Using the data below, restate exactly every line from the one with "Einfacher moderner eleganter" up to and including the one with "Design rétro surfeur". No picture belongs in it.

_Data records_.
- - - -
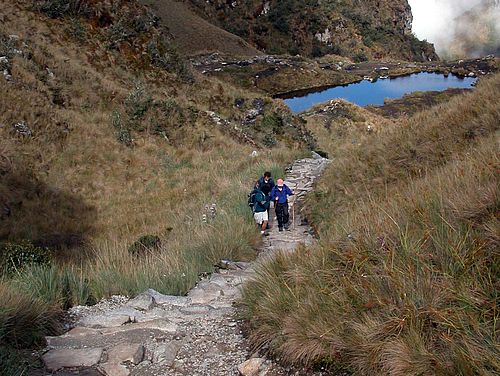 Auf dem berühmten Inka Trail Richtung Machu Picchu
- - - -
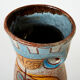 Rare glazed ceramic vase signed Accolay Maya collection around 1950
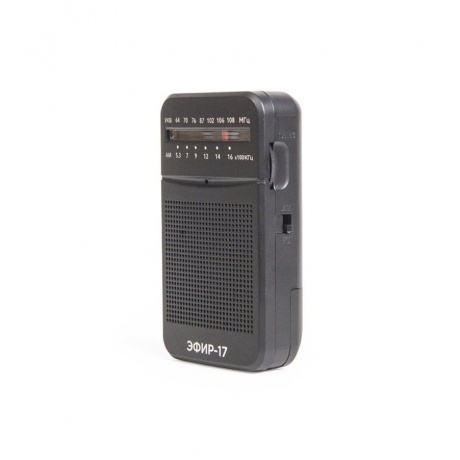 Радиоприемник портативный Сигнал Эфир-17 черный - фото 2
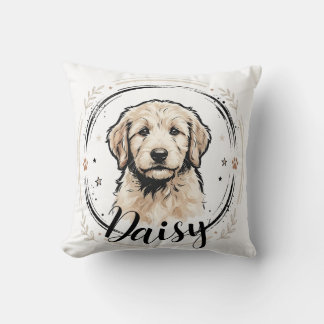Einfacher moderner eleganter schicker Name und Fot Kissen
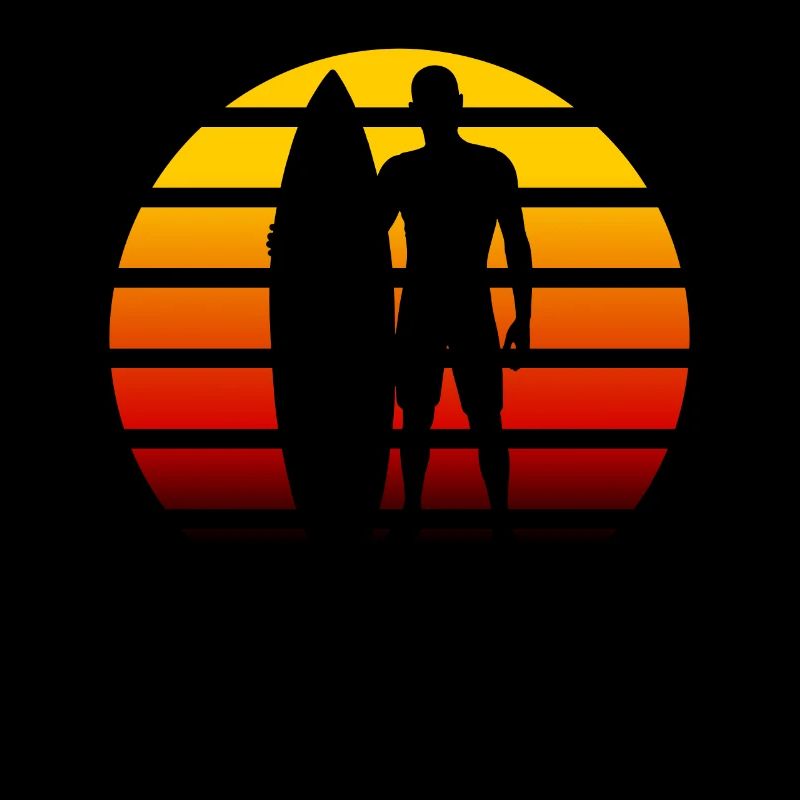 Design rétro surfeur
- - - -
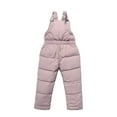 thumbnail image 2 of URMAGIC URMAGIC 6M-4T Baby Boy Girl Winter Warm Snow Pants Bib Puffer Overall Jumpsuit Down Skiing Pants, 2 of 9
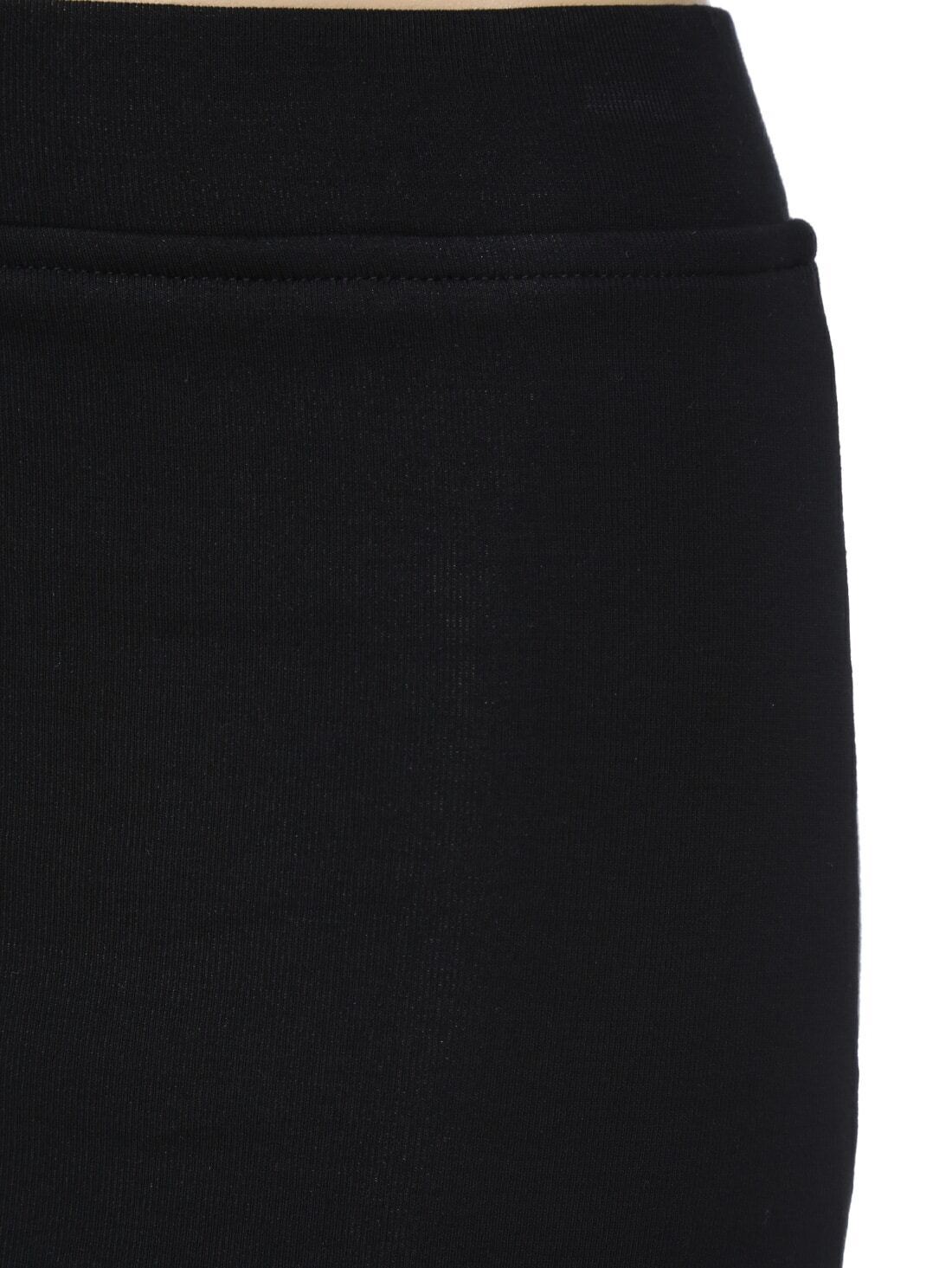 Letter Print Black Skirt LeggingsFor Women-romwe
- - - -
_Result below_.
Einfacher moderner eleganter schicker Name und Fot Kissen
 Design rétro surfeur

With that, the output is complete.